Un député conservateur qui siège au Parlement fédéral a proposé qu’on revoie  la définition que le Code criminel donne de l’enfant, lequel affirme  que celui-ci «  devient un être humain lorsqu’il est complètement sorti vivant du sein de sa mère ». Mais avant, qu’est-il ? Cela, on le sait mieux de nos jours, grâce au progrès de la science, laquelle  confirme que le fœtus acquiert toutes les spécificités de l’être humain dès les premières semaines de son existence. La motion du député vise donc probablement à rouvrir  le débat sur l’avortement, ce dont  ne veulent pas entendre parler les partisans pro-choix.

Au fait, un tel débat est peut-être superflu, car la grande majorité des gens reconnait le  caractère humain du fœtus. Mais on n’aime pas le dire, car la reconnaissance de cette dimension devient embarrassante dans certaines situations qui revêtent un caractère dramatique. D’où l’invocation de motifs pouvant légitimer le recours à l’avortement,  tel par exemple le droit de la mère de disposer librement  de son corps, comme si le fœtus n’était qu’un appendice du corps  de la mère.

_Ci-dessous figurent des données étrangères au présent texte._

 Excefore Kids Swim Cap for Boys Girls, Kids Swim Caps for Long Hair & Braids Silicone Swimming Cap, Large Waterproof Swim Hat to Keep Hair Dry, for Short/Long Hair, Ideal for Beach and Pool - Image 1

En contrepartie,  la perception anthropologique et morale n’entraîne pas de soi une affirmation juridique.  Le législateur peut déterminer  un cadre légal qui laisse place à une tolérance ou à une reconnaissance  qui ne s’arrime pas rigoureusement à la norme éthique. Il doit tenir compte du degré de sensibilité morale qui prévaut au sein d’une collectivité. Comme nous le rappelle saint Thomas d’Aquin,  la loi ne doit pas nécessairement interdire tout ce qui est mal ni imposer tout ce qui est bien.